1 Mayıs Ankara kutlamalarının verdiği heyecan ve artan dayanışma inancımızla harıl harıl çalışmaya koyulduk. Bir yandan genel kurul gündemi ve karar taslakları için önergelerin yazımıyla, öte yandan kurulun duyurulması ve lojistiğiyle uğraşırken, yüz yüze görüşerek çağrılmak üzere özellikle önemli bulduğumuz kuruluşları aramızda bölüştük. Benim payıma on kadar mimar mühendis meslek odası düştü. Bazılarımız dernek ve sendikaları, diğerleri farklı meslek kuruluşlarını, muhtarların temsilcileriyle görüşmeleri üstlendi. Yaptığım ziyaretlerde mühendis ve mimar meslek odaları yönetimlerini kent konseyi konusundaki temel bilgilerde yeterli görmenin beni nasıl sevindirdiğini söylemeden geçmeyeyim. Konsey fikrine sıcak bakılıyordu. Altı karar taslağı için genel kurula sunulacak önerge metinlerini ben kaleme aldım. Konseyin sürekli çalışacak bir Danışma Kurulu kurması ile 4 ay içinde gidilecek bir Yönerge Genel Kurulu kararı bu önergeler arasındaydı.
Çankaya Belediyesi’nin yeni dönem Stratejik Plan hazırlığı, konseyin yeni yönerge taslağının yazımı, yerel katılım-izleme araçlarının geliştirilmesi ve sosyal yenilikçilik önerilerinin konseyce teşvik edilmesi için usuller bulunması da çalışma grupları kurulacak alanlar için önerilerimizdi. Gündemin ikinci günkü seçimler öncesinde yürütme kurulu üyesi ve başkan adaylarının kendilerini ve görüşlerini tek tek aktarmaları için konuşma yapmalarının istenmesi grubumuzca hemen benimsendi. Kent konseyleri genel kurullarında yenilik olarak iki günlük gündemin yanı sıra, bu demokratik uygulamaya yer vermekten hepimiz mutluluk duyduk. İlk günkü açılışta kent konseyleri çerçevesi konulu konuşmayı İlhan Tekeli Hocamızın üstlenmesi sevincimizi daha büyüttü.
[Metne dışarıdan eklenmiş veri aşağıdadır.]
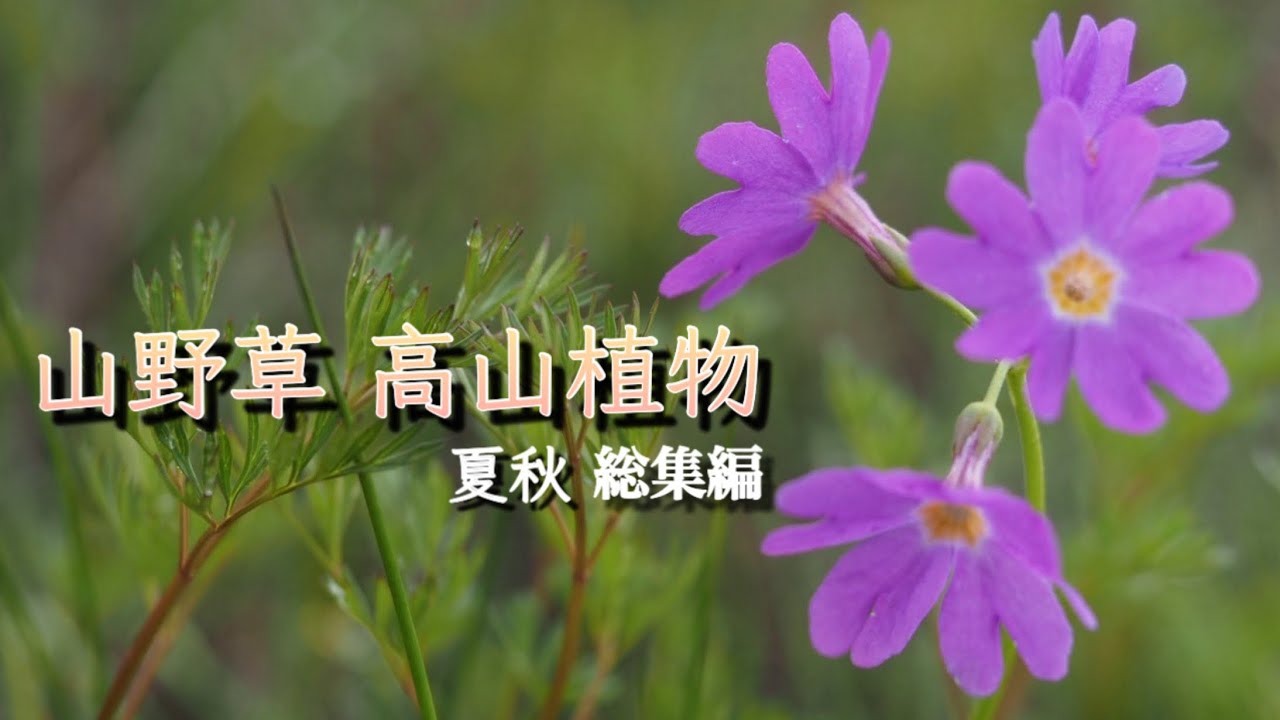 [Полевые цветы и альпийские растения] Коллекция 4: Найдите свой любимый цветок летом и осенью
25-26 Mayıs’ta yapılacak Genel Kurul hazırlıkları içinde seçimlerde kullanılacak oy pusulalarının tasarımı, duvarlara asılacak açık öneri panolarında sorulacak sorular ve nihayetinde divanın oluşumu için önerimiz ile hazırlıklar tamamlandı. “Çankaya Kent Konseyine güven duyulması için sizce ne olmalı?”, “Çankaya Kent Konseyinin ilk işi sizce ne olsun?” ve “Çankaya Kent Konseyi çalışmalarında yer almanız neye bağlı?” sorularını yazıp altını isteyenin doldurması için boş bırakacağımız dev poster panolarını duvara asmak üzere hazırladık. Bu arada konsey Genel Kuruluna delege olarak çağırdıklarımızdan toplantı günü öncesi başvuranların sayısı 140’ı geçmişti.
Nihayet altı aylık yolculuğumuzun sonuna geldiğimizi anladık. Harika bir girişim grubu çalışması olmuştu. Ben de, ‘90larda ilk kez bir kent kurultayı duyurusu ile tanıştığım yerel katılımcılık alanında onca zamandır içinden geçtiğim serüvene uzun uzadıya göz atma, yaşadıklarımı değerlendirme fırsatını bulmuş oldum.
Yaşamak, her şeyden önce öğrenmek demekti.